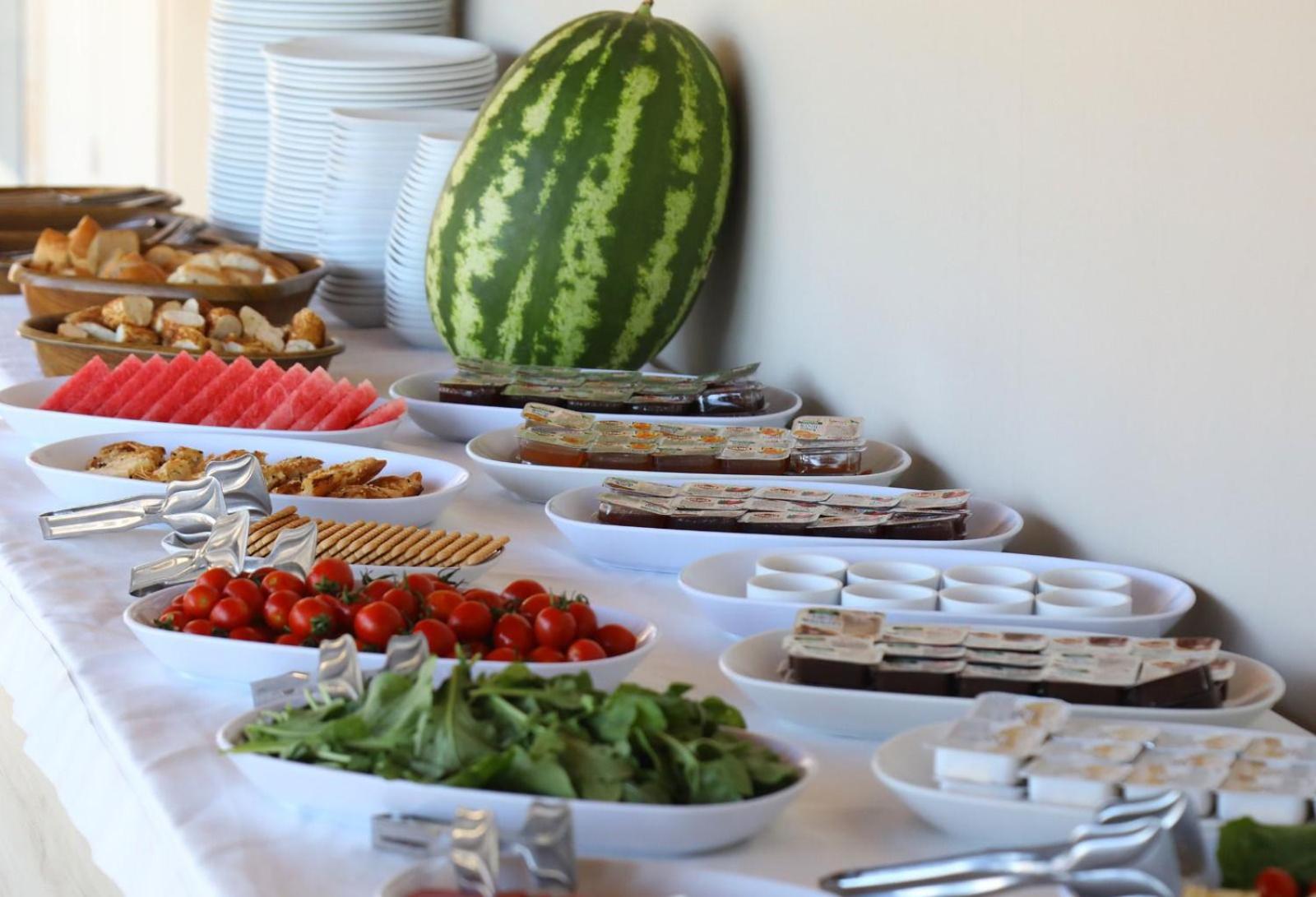 Grand Faik Hotel - Image 46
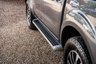 Used NISSAN NAVARA Nuneaton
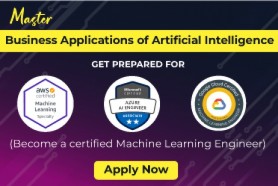 BUSINESS APPLICATIONS OF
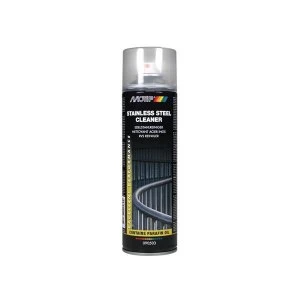 Image of PlastiKote Pro Stainless Steel Spray Cleaner 500ml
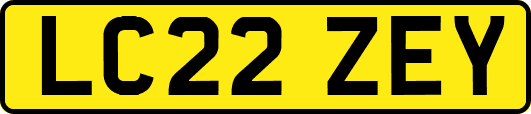 LC22ZEY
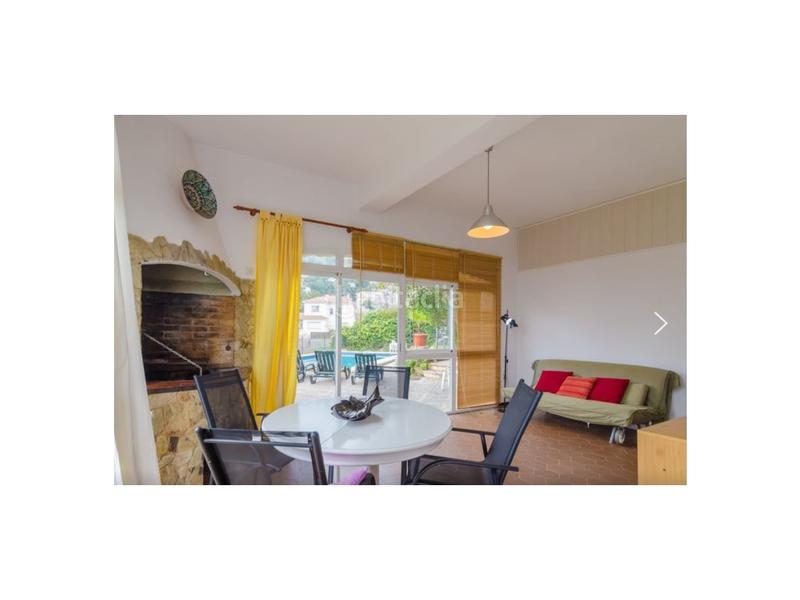 Foto c7e91c55-3f58-450c-8e8c-7ec0e3d401a6. Casa con parcheggio in Roca Grossa Lloret de Mar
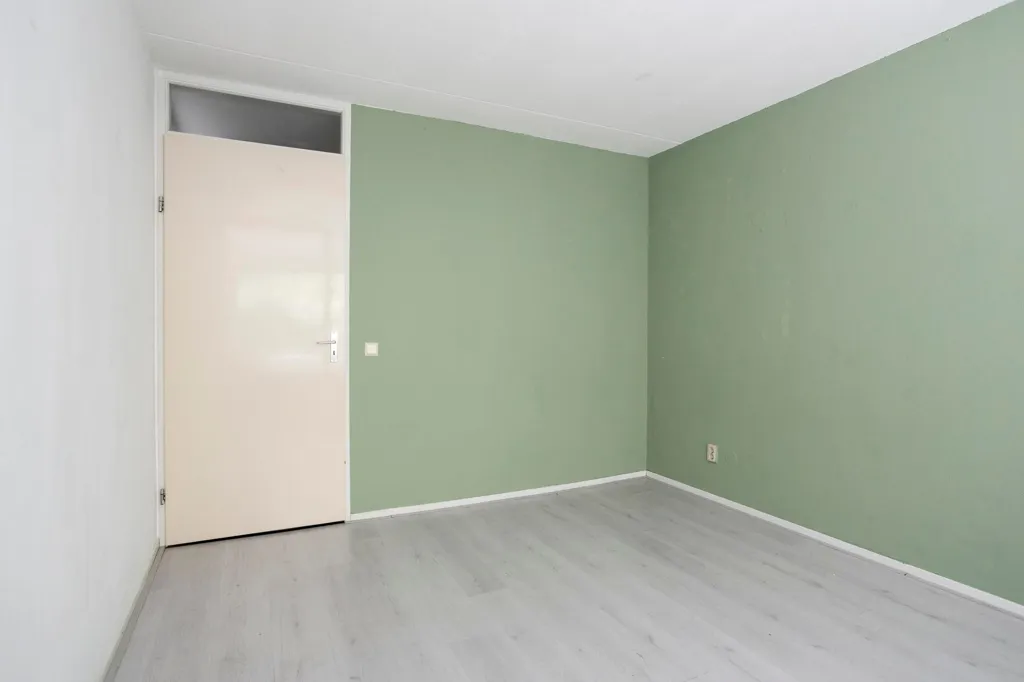 Appartement 4 pièces à Rotterdam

→ Exercise: Only the lines from the one containing "Image of PlastiKote" through the last line of the material are to be restated word for word; no picture is to be included.

→ Answer space:
 Image of PlastiKote Pro Stainless Steel Spray Cleaner 500ml
 LC22ZEY
 Foto c7e91c55-3f58-450c-8e8c-7ec0e3d401a6. Casa con parcheggio in Roca Grossa Lloret de Mar
 Appartement 4 pièces à Rotterdam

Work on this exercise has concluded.